* Exercise prompt
Could you retype the records below exactly as they appear, skipping any pictures?

* Records to process
|---|

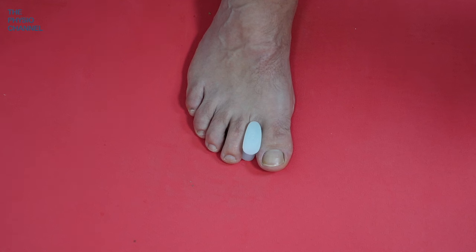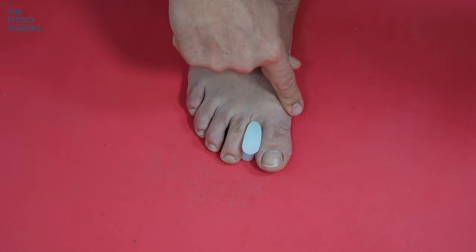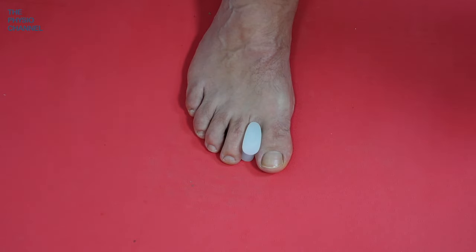The research supports the use of toe spacers and shows that when used by patients suffering from pain relating to hallux valgus or bunions, the simple intervention of adding a toe spacer can help to reduce pain with walking.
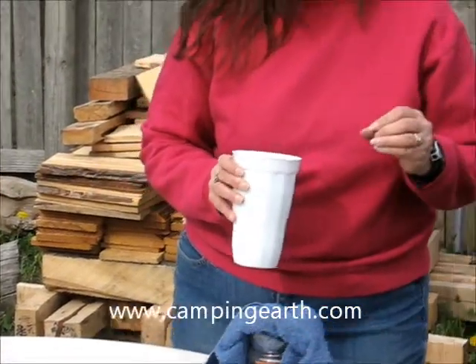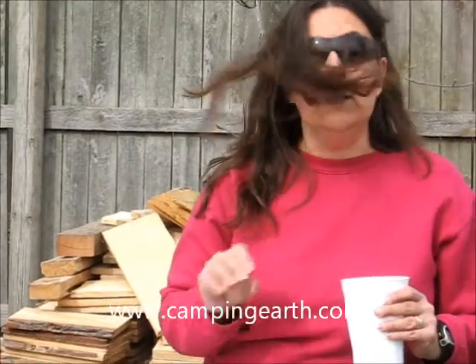This is a homemade version of some commercial filter systems that you can find in stores. Now, this will not remove disease or any type of bacteria that is going to cause illness, but it will purify the water and make it safer than drinking it untreated. So until we meet at the campsite again, this has been Mindy from Camping Earth.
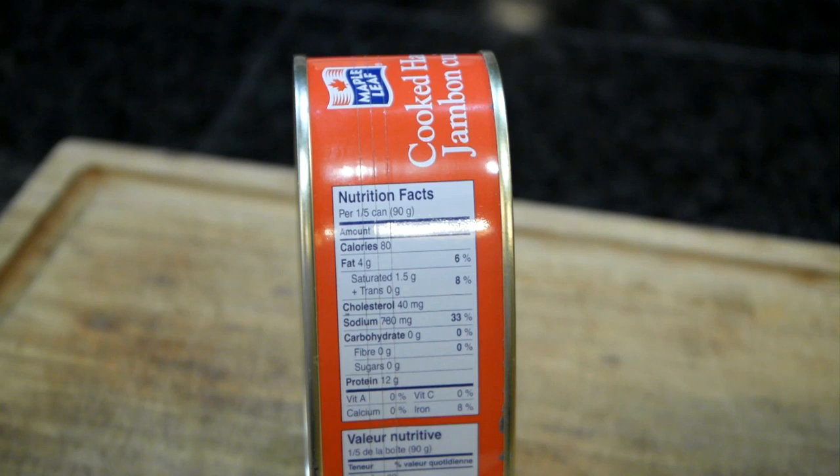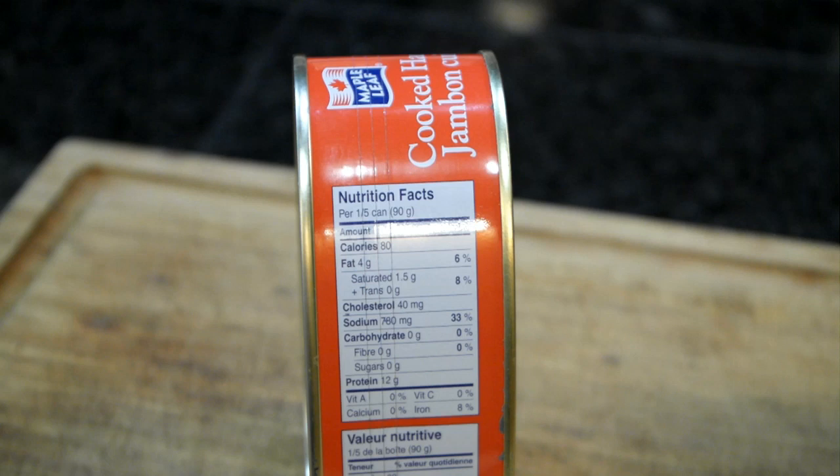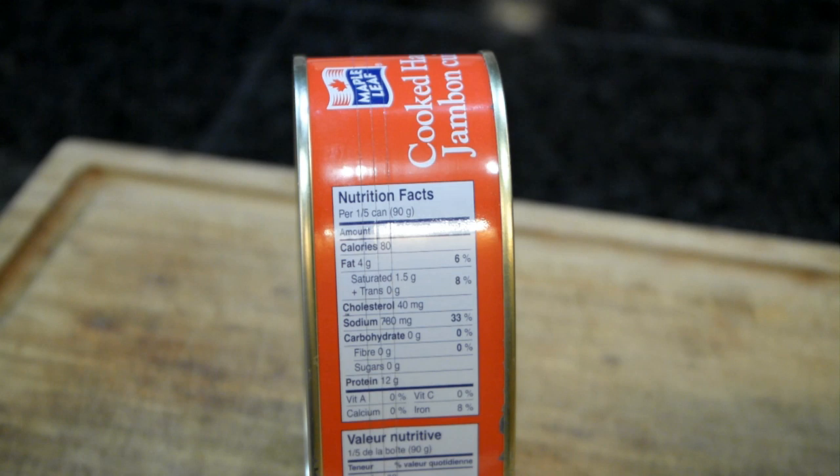Just a little bit about the nutritional information. This is the premium canned ham, the Maple Leaf cooked ham. This is for one fifth of a can, which is 90 grams — so I assume this is five servings in the can. This is 80 calories, 4 grams of fat, 1.5 grams of saturated fat, and zero trans fat — that's a good thing. 40 milligrams of cholesterol, 760 milligrams of sodium, which is 33% of your daily value. I think when we get around to cooking this, that's going to be one of the challenges: trying to reduce the sodium level. Carbohydrates zero, fiber zero, sugar zero, and protein 12 grams.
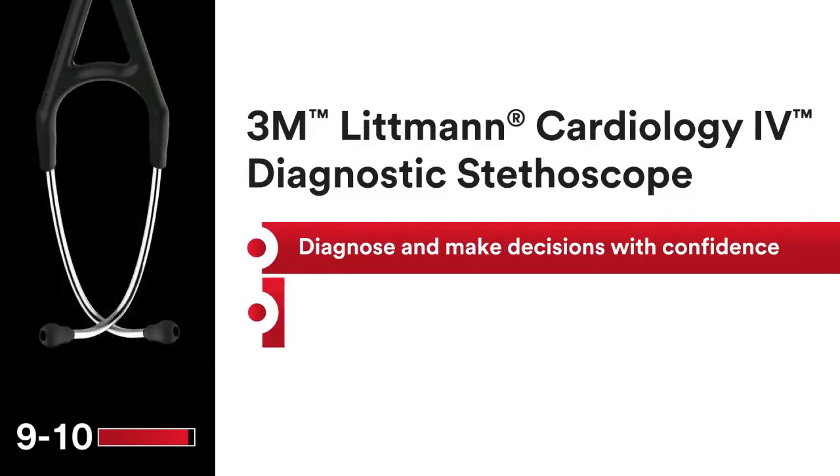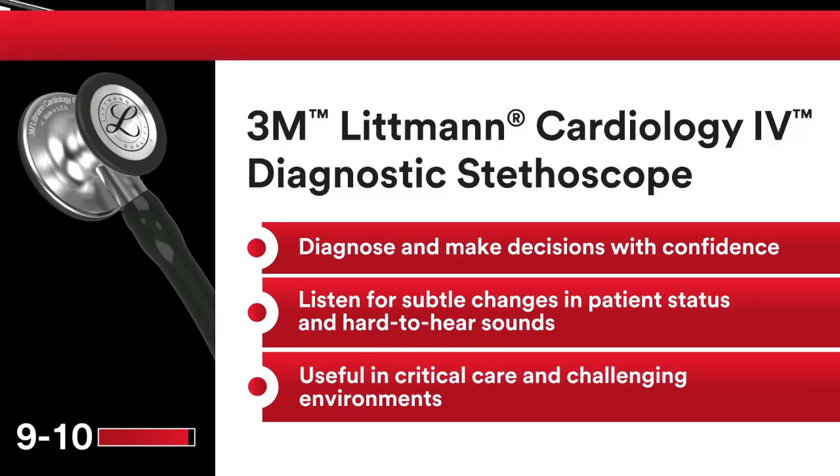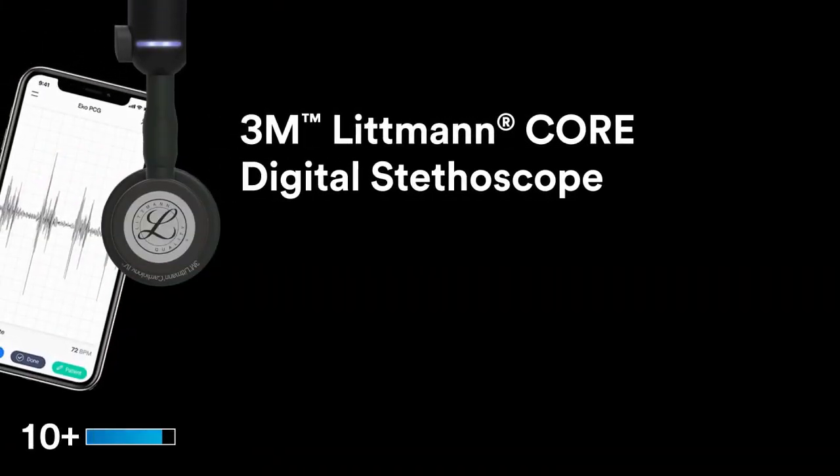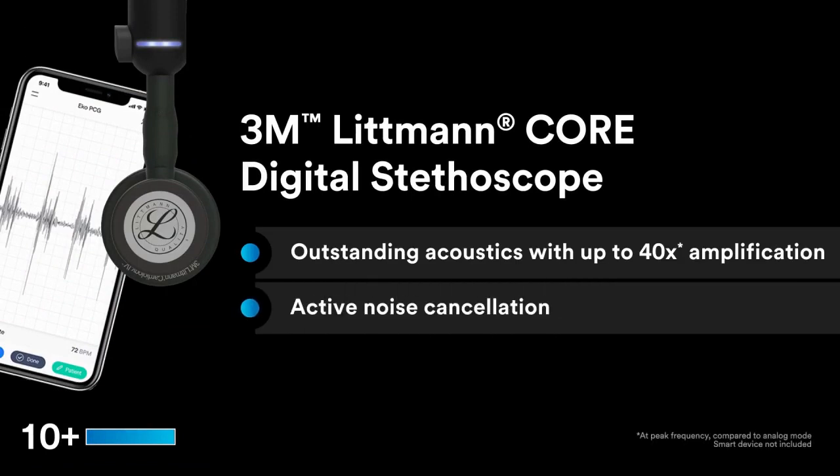5-year warranty. Fun and vibrant — match color and finish to your personality. Designed for use with adult and pediatric patients. Tunable, dual-sided stainless steel chestpiece with open or closed bell. Non-chill bell sleeve for greater patient comfort.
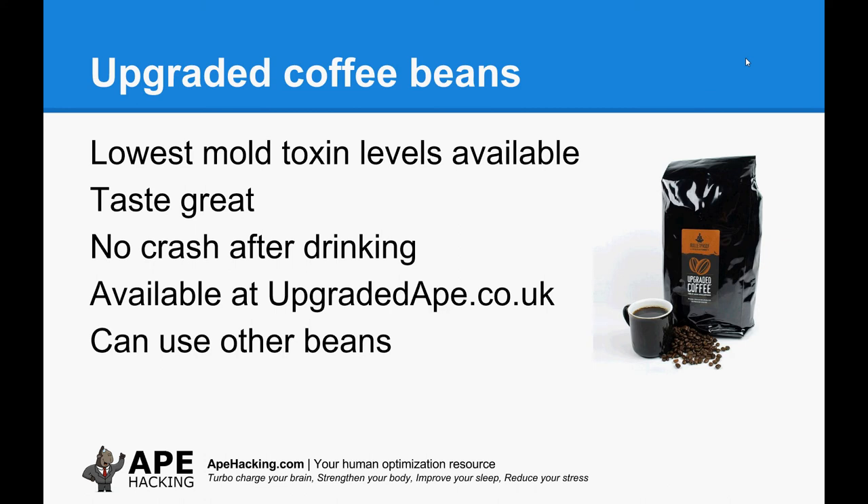So upgraded coffee beans. They're promoted and marketed as being the lowest mould toxin levels available. They taste good, but the main reason why I like them particularly is because I don't get that crash after I have a cup of coffee. Usually you get up, have a cup of coffee — and it's worse with the instant stuff — you feel pretty good, then you get a headache and feel like absolute crap afterwards. That doesn't happen with these beans.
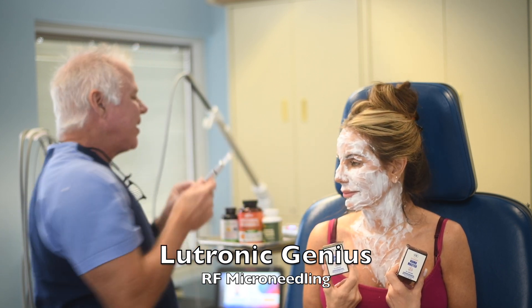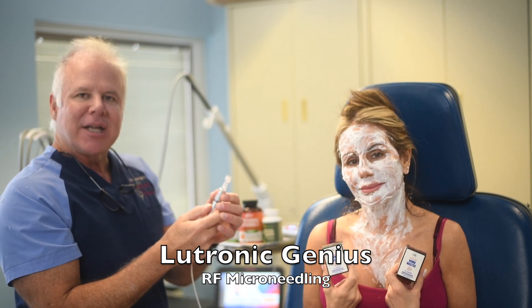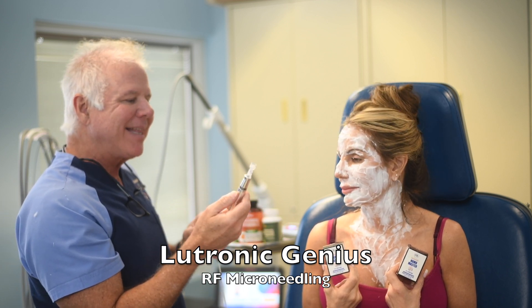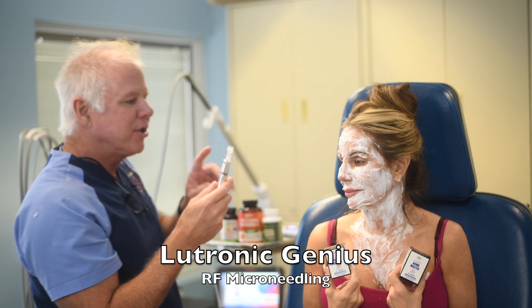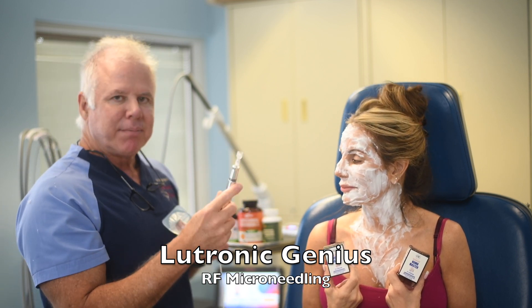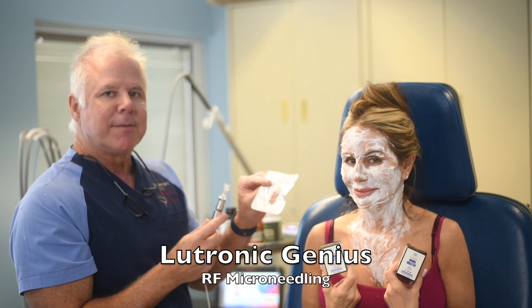That is different from plain microneedling, which makes a lot more needle holes — usually about a million of them in 15 minutes. Plain microneedling is actually painless, no numbing required, but there's no radiofrequency energy, just the needle holes. It's good if you want to infuse things like stem cell peptides.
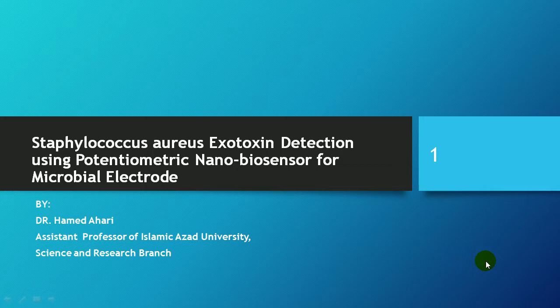In the name of God, the Beneficent, the Merciful. This presentation is about Staphylococcus exotoxin detection using a potentiometric nanobiosensor for microbial electrodes. My name is Dr. Hamed Ahari, assistant professor of Islamic Azad University, Science and Research Branch of Iran.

|---|

* Solution
The research supports the use of toe spacers and shows that when used by patients suffering from pain relating to hallux valgus or bunions, the simple intervention of adding a toe spacer can help to reduce pain with walking.
This is a homemade version of some commercial filter systems that you can find in stores. Now, this will not remove disease or any type of bacteria that is going to cause illness, but it will purify the water and make it safer than drinking it untreated. So until we meet at the campsite again, this has been Mindy from Camping Earth.
Just a little bit about the nutritional information. This is the premium canned ham, the Maple Leaf cooked ham. This is for one fifth of a can, which is 90 grams — so I assume this is five servings in the can. This is 80 calories, 4 grams of fat, 1.5 grams of saturated fat, and zero trans fat — that's a good thing. 40 milligrams of cholesterol, 760 milligrams of sodium, which is 33% of your daily value. I think when we get around to cooking this, that's going to be one of the challenges: trying to reduce the sodium level. Carbohydrates zero, fiber zero, sugar zero, and protein 12 grams.
5-year warranty. Fun and vibrant — match color and finish to your personality. Designed for use with adult and pediatric patients. Tunable, dual-sided stainless steel chestpiece with open or closed bell. Non-chill bell sleeve for greater patient comfort.
So upgraded coffee beans. They're promoted and marketed as being the lowest mould toxin levels available. They taste good, but the main reason why I like them particularly is because I don't get that crash after I have a cup of coffee. Usually you get up, have a cup of coffee — and it's worse with the instant stuff — you feel pretty good, then you get a headache and feel like absolute crap afterwards. That doesn't happen with these beans.
That is different from plain microneedling, which makes a lot more needle holes — usually about a million of them in 15 minutes. Plain microneedling is actually painless, no numbing required, but there's no radiofrequency energy, just the needle holes. It's good if you want to infuse things like stem cell peptides.
In the name of God, the Beneficent, the Merciful. This presentation is about Staphylococcus exotoxin detection using a potentiometric nanobiosensor for microbial electrodes. My name is Dr. Hamed Ahari, assistant professor of Islamic Azad University, Science and Research Branch of Iran.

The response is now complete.